Guess with tri-graph elimination & awk getting unicode support will have to gawk C with cpp using pipology theory.
But think the cpp has to go away first, after enough sed.
https://grayson.sh/blogs/using-piphilology-to-hide-strings
https://www.gnu.org/software/gawk/manual/gawk.html#Signature...
lifthrasiir 3 years ago

Note that this uses not only trigraphs but also digraphs (here `<%`, `%>` and `%:`), which are similar to trigraphs in intended usages but behave much differently to digraphs in that it is a proper token and not a preprocessor substitution pattern. `printf("??(foo??)<:bar:>%c", "quux"<:1:>)` prints `[foo]<:bar:>u`, for example. Therefore digraphs are deemed less dangerous (however obscure) than trigraphs and do not require any compiler options.
- DonHopkins 3 years ago
  
  Bjarne Stroustrup proposed Generalized Overloading for C++2000, which not only lets you override all kinds of white space, like between two symbols separated left to right by a space (i.e. "a b" to add a to b), or two symbols separated top to bottom by a newline (i.e. "a \n b" to divide a by b, like a fraction), or even by tabs, or either kind of comment, but it also lets you override writing two symbols next to each other without any separation (i.e. "ab" to multiply a by b, which mathematicians love)!
  Of course they also had to limit the number of characters per symbol to 1 in order to unambiguously support the "ab" syntax for multiplying a and b (or however you wanted to overload the "absence of white space" operator), but fortunately they mitigated that little problem by making C++ fully supports Unicode, so you had thousands of single character Unicode variable names to choose from. His prophetic intuition was spot-on, now that there are so many expressive and inclusive Emoji characters to use for single character variable names!
  https://www.stroustrup.com/whitespace98.pdf
  I really appreciate Bjarne Stroustrup's clean simple design and coherent long term vision for C++2000, and I'm looking forward to using three dimensional white space overloading in C++3D.
  
  ralphb 3 years ago
  
  I am almost unhappy to learn that this was a joke. Would have been nice to put a final (personal) nail in the C++ coffin with this insanity.

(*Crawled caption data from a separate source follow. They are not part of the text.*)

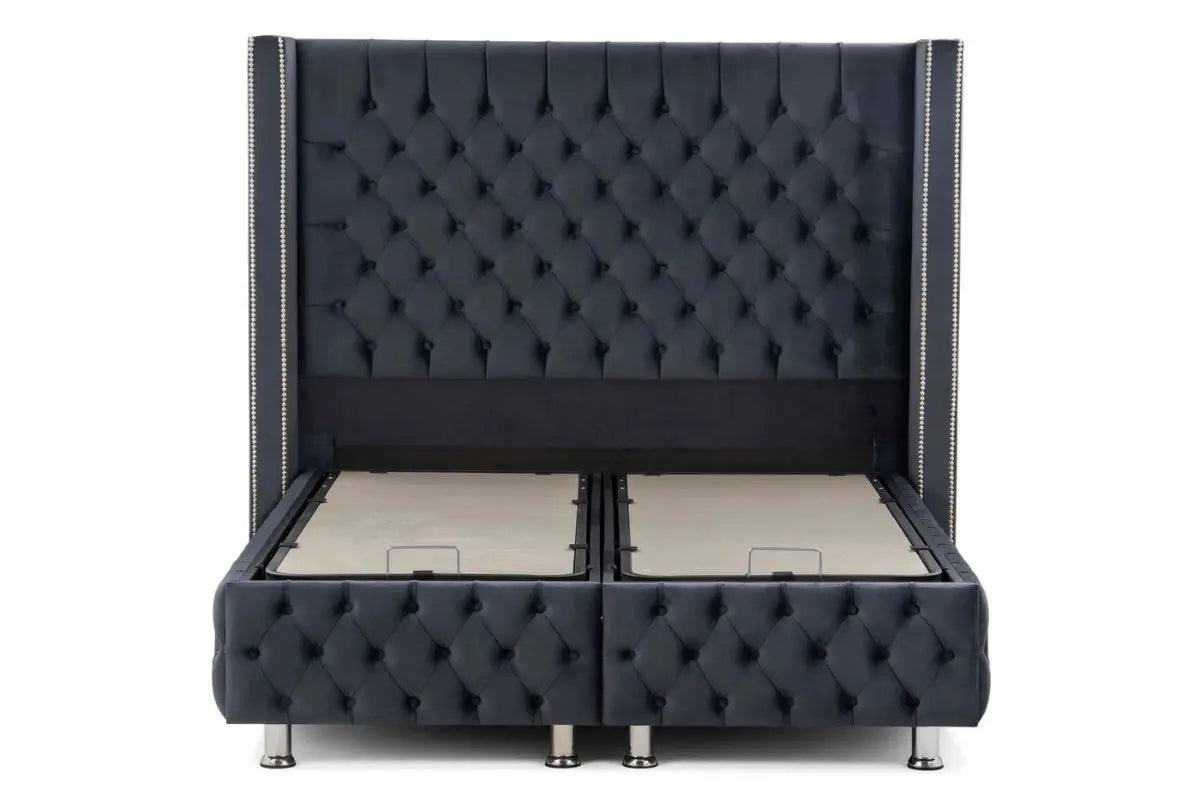Lit coffre en tissu velours 160x200 cm Swedzo-Meuble
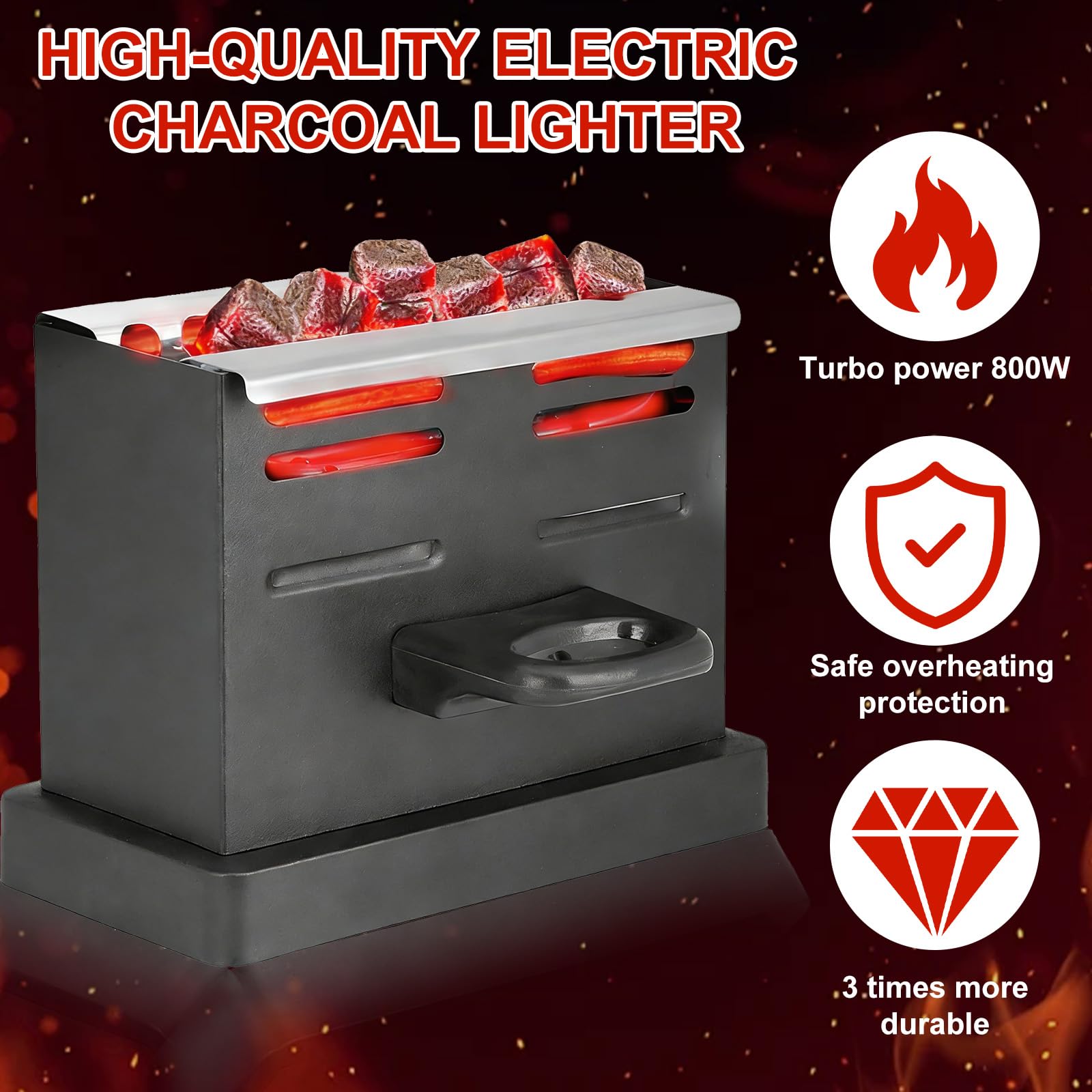 Kohleanzünder Elektrischer, 800W Holzkohle Elektrischer Kohlegrill Anzünder mit Zange, Kleiner Grillanzünder mit Kabel & Griff, Kohlegrill Zubehör für Outdoor Herd Grill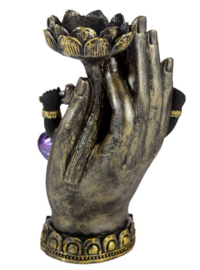 Ganesh Hand Lotus Theelichthouder - 18 cm hoog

However, I guess it says enough that I did have to dig quite far into the paper to realize whether Bjarne was joking or not.
  
  gpderetta 3 years ago
  
  We do not have yet three dimensional white space overloading unfortunately, will have to wait for the next release train, targeting C++26.
  In the meantime, you can use multidimensional analog literals: http://www.eelis.net/C++/analogliterals.xhtml

rdlw 3 years ago

See also: "What is the "-->" operator in C++?"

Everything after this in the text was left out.